Sleep Coach: A Mobile App to Address Insomnia Symptoms Among Cancer Survivors
Primary Purpose
Insomnia, Breast Cancer, Prostate Cancer
Status
Completed
Phase
Not Applicable
Locations
United States
Study Type
Interventional
Intervention
Sleep Coach App
Sponsored by
About this trial
This is an interventional supportive care trial for Insomnia focused on measuring cancer survivor
Eligibility Criteria
Inclusion Criteria:
- 18 years of age or older
- Has completed curative-intent treatment (chemo, surgery, RT) for prostate, colon or breast cancer at least three months and not more than 5 years prior to study entry. Note: Ongoing hormonal therapy (i.e., tamoxifen, aromatase inhibitors, casodex), Herceptin and maintenance therapies are allowed.
- Ability to read and write English
- Ability to complete questionnaire(s) by themselves or with assistance.
- Reports trouble falling asleep or staying asleep on at least 3 nights per week (most weeks) for the last 3 months.
- Own an Android phone version 8 or higher (The latest version of Android is 11.0) or an iPhone running iOS 11 or higher (The latest version of iOS is 14.3.)
- Ability to provide informed written consent.
Exclusion Criteria:
- Inability to read and write English
- Diagnosis of a sleep disorder other than insomnia (e.g. sleep apnea, restless legs syndrome, narcolepsy)
- Diagnosis of Insomnia prior to cancer diagnosis
- Reports physical symptoms that interfere with sleep, such as shortness of breath, pain, hot flashes, frequent urination
- Major psychiatric or medical condition other than cancer suspected to contribute to their sleep disturbance
- Evidence of active cancer (i.e. not considered NED)
- Currently or previously received CBT-I
- Patients who are night shift workers or subject to other external restrictions on their opportunity to sleep at night.
Sites / Locations
- University of Michigan Rogel Cancer Center
Arms of the Study
Arm 1
Arm Type
Experimental
Arm Label
MI Sleep Coach Mobile Application
Arm Description
The Sleep Coach app includes evidence-based CBT-I strategies, interactive activities and a computerized dialogue agent to engage users in the adoption of and adherence to CBT-I strategies.
Outcomes
Primary Outcome Measures
Percentage of participants engaging with the app at least 4 days/week
Adherence will be evaluated using data gathered from the application. Participants will be asked to interact daily with the application and will be deemed adherent if they interact with the app at least 4 times per week for the duration (7 weeks) of the study. Adherence rate will be the number of participants deemed adherent / total number of participants.

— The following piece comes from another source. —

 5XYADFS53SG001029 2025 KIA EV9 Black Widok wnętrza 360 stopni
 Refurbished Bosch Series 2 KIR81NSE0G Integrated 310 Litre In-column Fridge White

Percentage of participants that find the intervention useful
Usefulness will be assessed using a survey developed by the investigators of this study called the User Experience Survey, which is based upon the Unified Theory of Acceptance and Use of Technology (UTAUT). The survey assesses perceived ease of use and usefulness of the Sleep Coach app as well as participant satisfaction with the app. To assess usefulness, participants are asked to rate the usefulness of 10 different features of the Sleep Coach app on a scale of 1 to 4, with higher scores indicating greater usefulness. Participants who rate at least one app feature 2 or greater will be considered as finding the intervention useful.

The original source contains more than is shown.